I have always been interested in economic and social inequality. Let’s just say it is hard to grow up in NYC and not be exposed to and become acutely aware of extreme poverty and excessive wealth. My desire to study how economic resource deprivation contributes to inequitable health and wealth outcomes led me to graduate study.  I applied and was accepted to the 2005 American Economic Association Pre-Graduate Summer Program at Duke University. I attended the program for two summers, interning at the Federal Reserve Bank of Boston in between. From there, I enrolled at Cornell University in 2006 and completed my Ph.D. in Policy Analysis and Management in 2012. I received an interdisciplinary education and had the opportunity to supplement my formal economics training with family and social demography and health policy research. Upon finishing my graduate work, I accepted a RWJF Health and Society postdoctoral fellowship at UW-Madison, where I continued my research on wealth and health disparities and family dynamics with a focus on young adults, low-income, racial and ethnic minority women and their families.

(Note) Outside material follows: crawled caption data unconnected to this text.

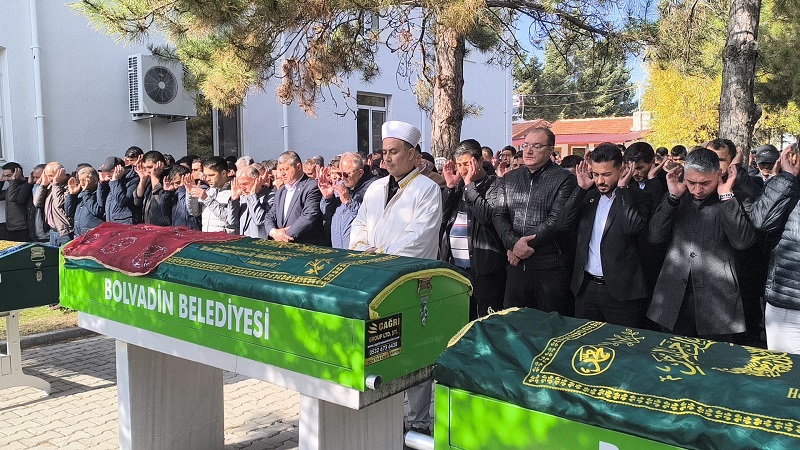 Anne ile 2 çocuğu toprağa verildi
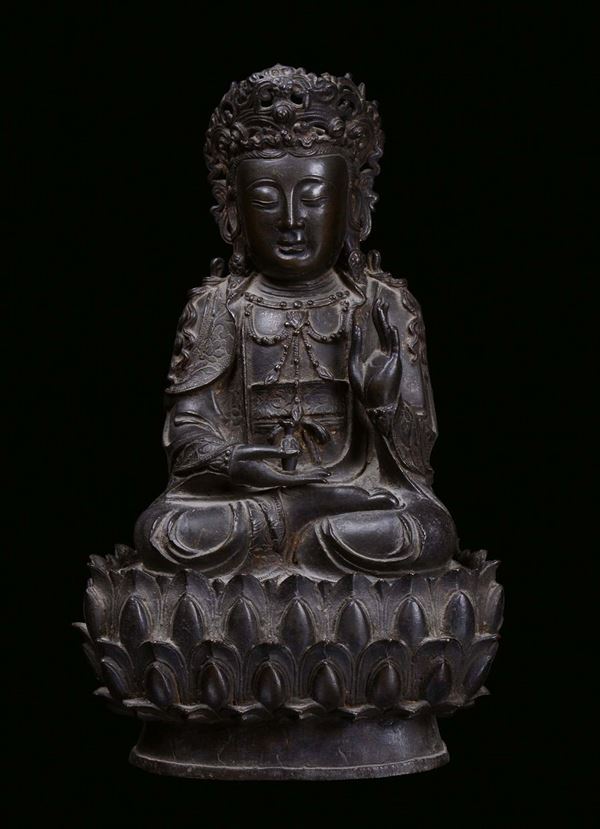 Buddha in bronzo a patina scura, Cina, Dinastia Ming, XVII secolo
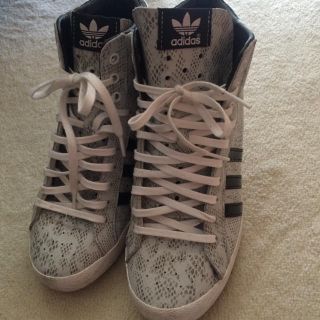 アディダス(adidas)のadidas♡インヒールスニーカー(スニーカー)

I was born and raised in Brooklyn, New York, and am the daughter of a Ghanaian immigrant and a proud Black mother whose parents migrated to NYC from Virginia and North Carolina during the late 1940s.

If I had to describe my childhood I would use the following three words: happy, joyful, loved! I grew up in Brooklyn, NY in the 1980s and 1990s. I was surrounded by my beautiful family, and a tight-knit community at home and at church.  I was lucky enough to be exposed to art, music, food, and culture of people from all over the world from a very young age and enjoyed exploring such a fascinating place with all that it had to offer. I’d be remiss if I did not mention that growing up in the birthplace of hip hop/rap defined my childhood.

I love so many things, but especially enjoy travel, food and wine, dessert, 90’s hip hop and R&B, and the arts.

I have both lived and traveled many places, but something that stays the same wherever I go is the quietness of the morning, the beauty of the sunrise, and the sound of the birds chirping (in the summertime). I am definitely a morning person and love being awake to greet the new day.